Even as she cooks and cleans, Amai Caty finds time each day to heat and pour Robert's
bathwater. And when her middle daughter, Ruth, was dying of AIDS, Amai Caty did not
hesitate to touch her or clean her wasting body.|
From sunrise until the moon is high in the sky, for as many years as she has had a family, Amai Caty has used these hands to care for them.
After her husband leaves for his job as a city sweeper and messenger, she scrubs the bathroom, washes and dresses her grandchildren, breaks kindling, splits wood with an ax, lays and lights a gumwood fire, boils porridge, carries vegetables from the market, scrubs the blackened pots with dirt, wrings and pounds the clothes, irons with a charcoal iron, sweeps and sprinkles water on the dusty paths, wipes soot from the walls, and on and on until it is time to prepare tea and bathwater to be ready when her husband returns home. To warm the bath water, she kneels on the ground and breathes life into the fire. She lifts the heavy black pot using only small rags to protect her hands from the hot metal. She pours the water into a big plastic bucket then staggers with the bucket into the bathroom where Robert waits with an old-fashioned razor to bathe and shave.
Then Amai Caty starts supper.
Her daughters share the housework, but Amai Caty has always tended to her husband's tea and bath, even when she was pregnant, all 12 times. It's her way of showing she loves him.
And taking care of her children, Amai Caty says, that is a mother's love.

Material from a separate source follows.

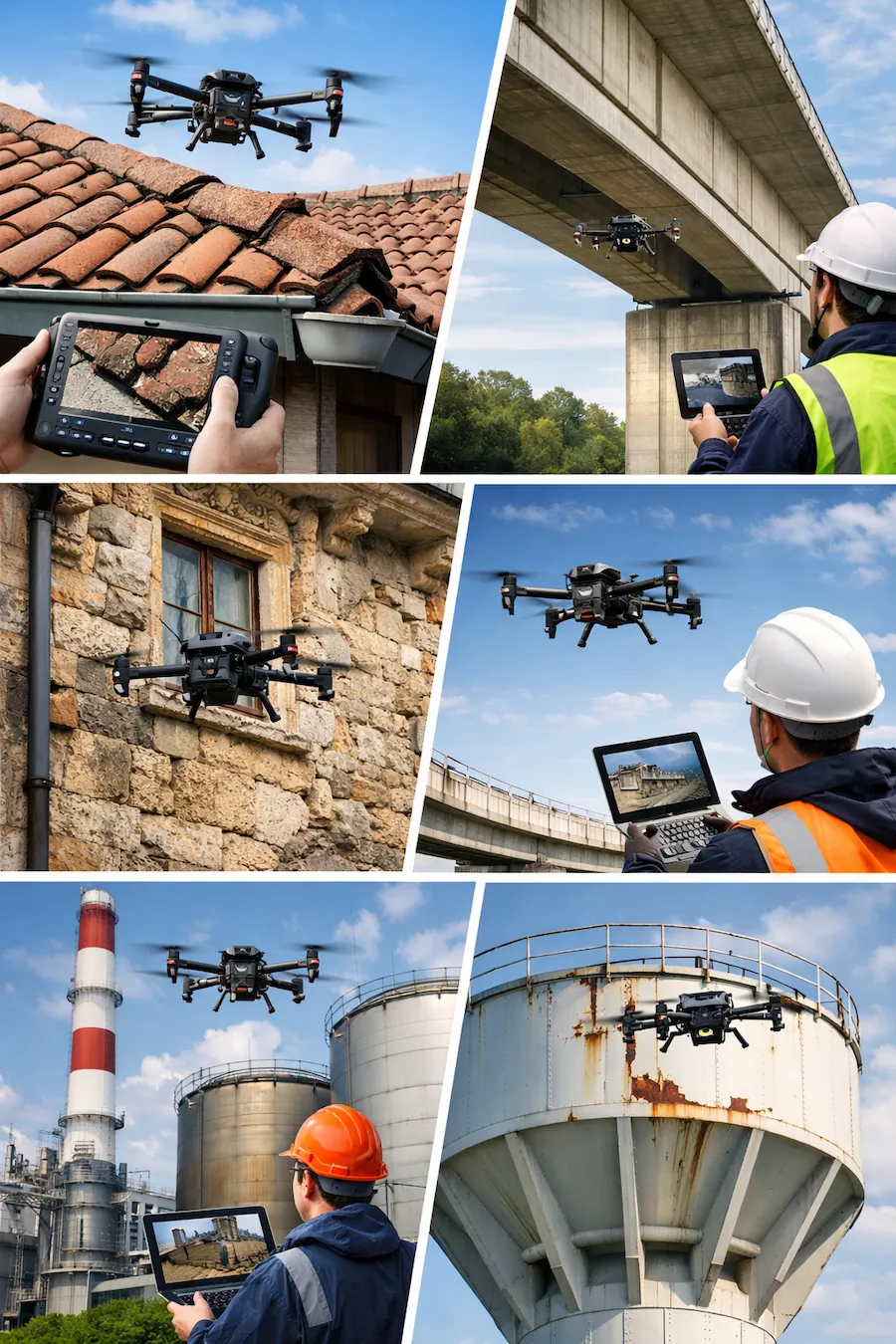 Inspection de bâtiments et ouvrages par drone en Loir-et-Cher (41)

So when the end came for Ruth, Amai Caty showed her love with her hands. "I would wash everything that came out of Ruth," she says. "I never used any gloves. If I was to take plastic bags, like from the sugar and mealy-meal, Ruth would see me wearing the plastic on my hands and she would have stress. "Oh, my mother is seeing me like I am a toilet. My mother does not love me.' So I was touching everything with my hands. I wanted Ruth to know that I loved her and would touch her. It was up to God as to whether I would be infected or not."